§ Stored items from a collection
□ □ □ □ □ □ □
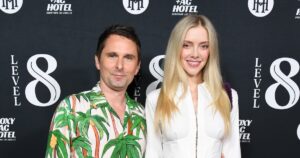 Muse’s Matt Bellamy Files for Divorce From Elle Evans After 7 Years of Marriage, Seeks Sole Custody Muse’s Matt Bellamy Files for Divorce From Elle Evans After 7 Years of Marriage, Seeks Sole Custody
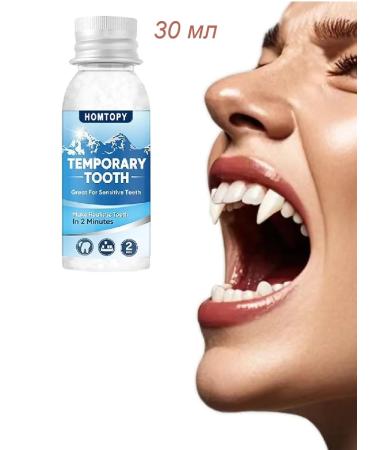 Affordable dentistry Imitation tooth material 30ml - Buy Online on GoSupps.com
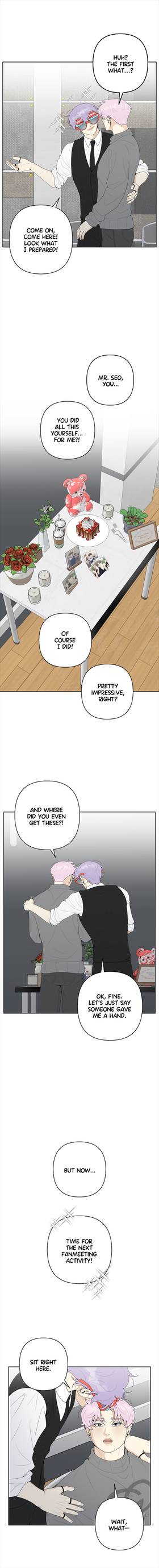 Read BØNDS [BL]  21 Page 2 in English
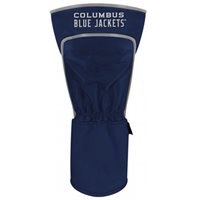 View Team Effort NHL Individual Headcover Columbus Blue Jackets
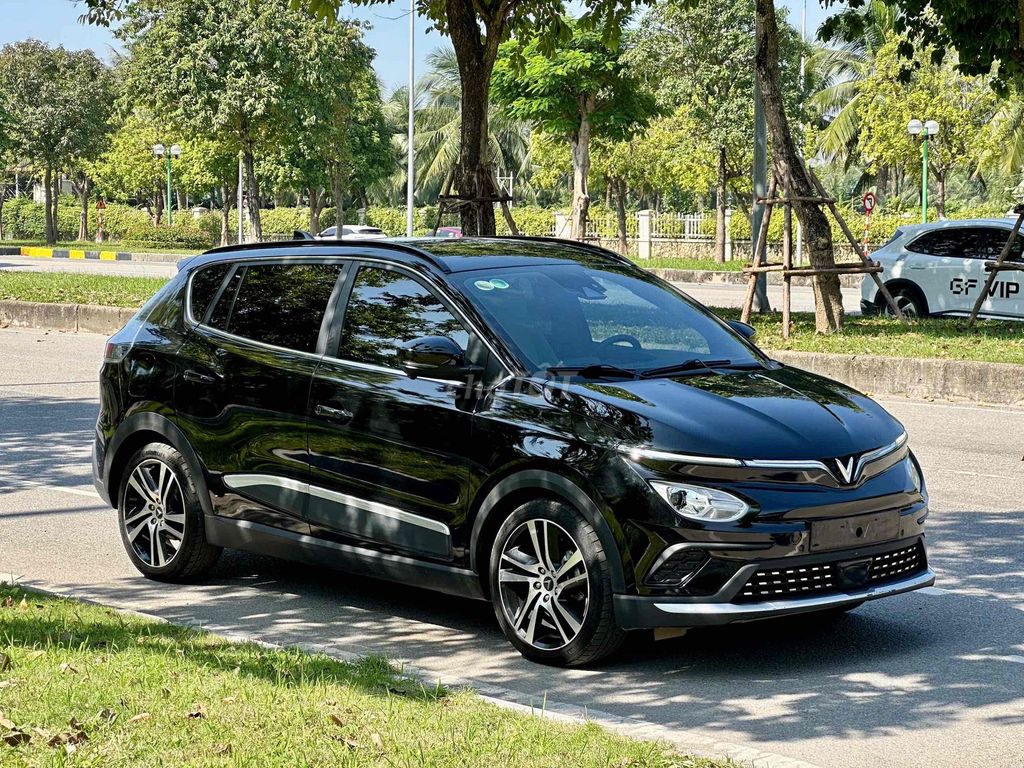 VinFast VFe34 thuê pin tiên phong 2022 - 22000 km. Mua bán Ô tô tại Quận Thanh Xuân Hà Nội được đăng bởi Cường Auto 266 hình 3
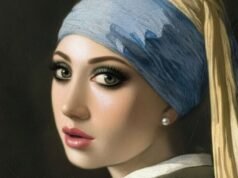 Mona Lisa i Dziewczyna z perłą przechodzą nowoczesną metamorfozę za pomocą sztucznej inteligencji | Dziwne | Aktualności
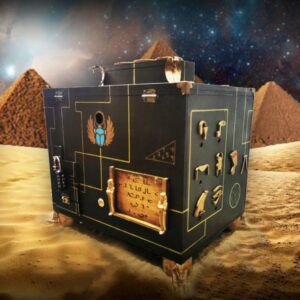 El misterio del faraon - Juego Escape Box Start Play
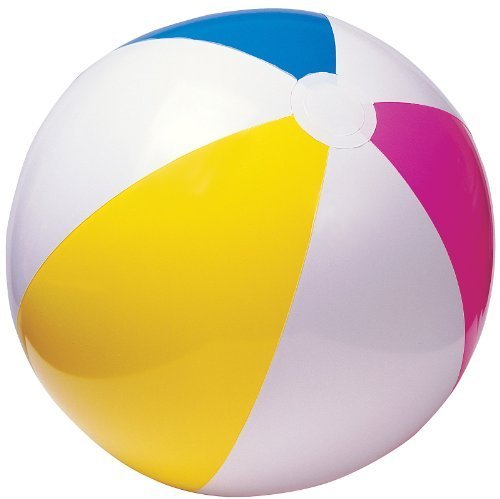 INTEX 59030EP 24" GLOSSY PANEL BALL, AGE:3+
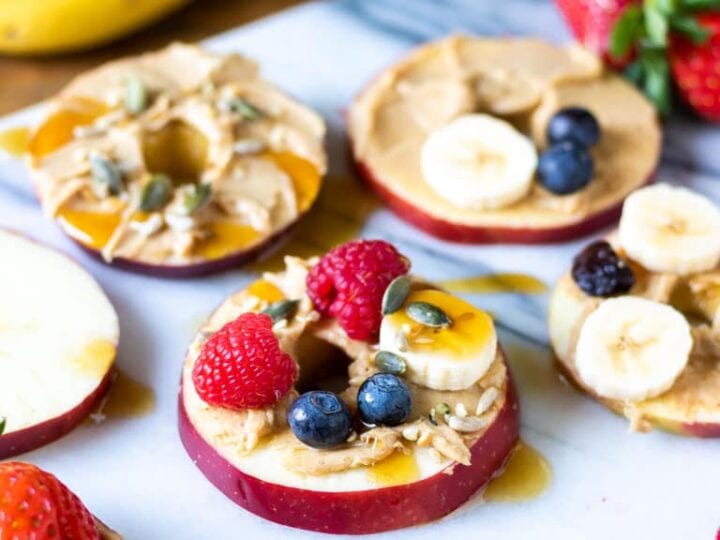 Image for Mini Apple Pizzas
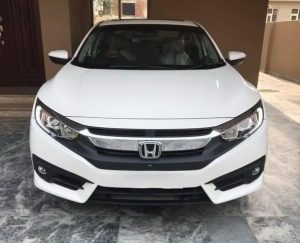 Honda Civic Rent a Car Lahore
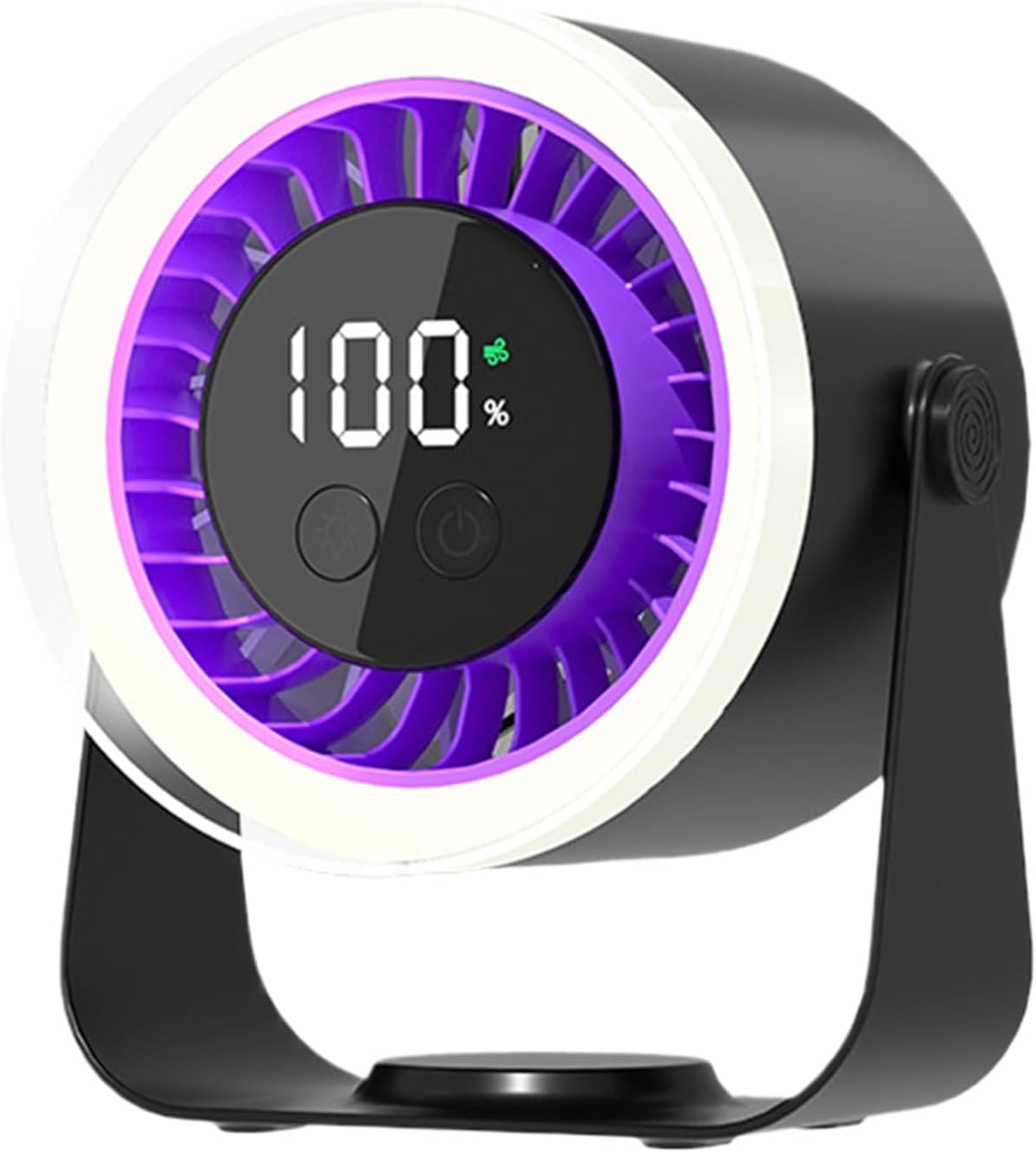 Table Fan with Silent Operation
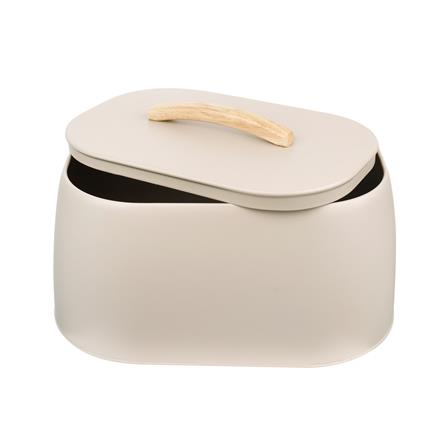 ขวดโหลฝาดึง KECH TOWN BOX 9 ลิตร สีน้ำตาล_3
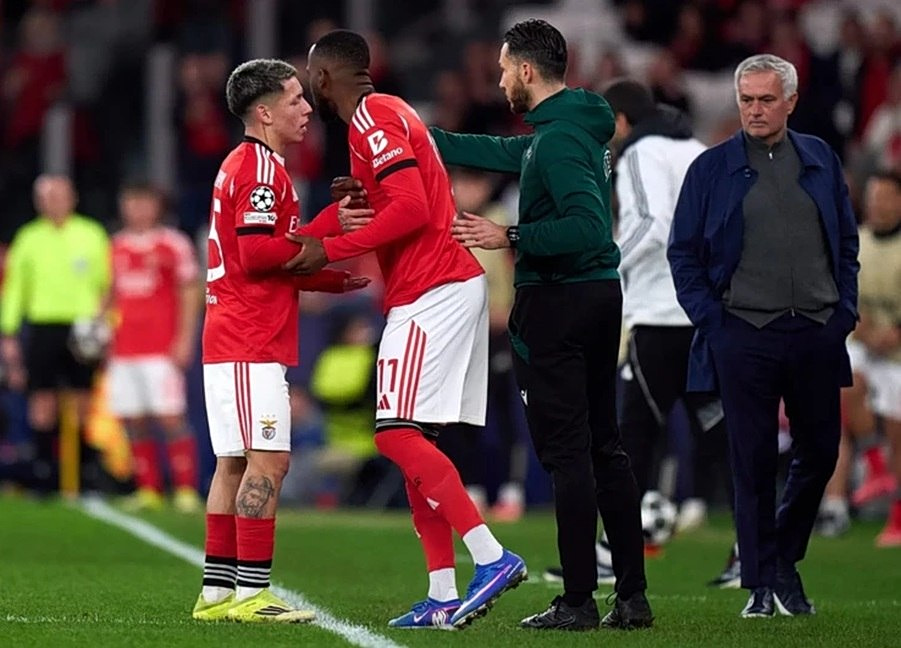 Λουκεμπάκιο για το επεισόδιο με Πρεστιάνι – Βινίσιους: «Αν είναι αλήθεια, δεν μπορώ να το δεχτώ»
□ □ □ □ □ □ □
§ Work request
With the pictures excluded, transcribe word for word only the lines from the one containing "PANEL BALL, AGE:3+" through the last line of the records.

§ Solution to this task
 INTEX 59030EP 24" GLOSSY PANEL BALL, AGE:3+
 Image for Mini Apple Pizzas
 Honda Civic Rent a Car Lahore
 Table Fan with Silent Operation
 ขวดโหลฝาดึง KECH TOWN BOX 9 ลิตร สีน้ำตาล_3
 Λουκεμπάκιο για το επεισόδιο με Πρεστιάνι – Βινίσιους: «Αν είναι αλήθεια, δεν μπορώ να το δεχτώ»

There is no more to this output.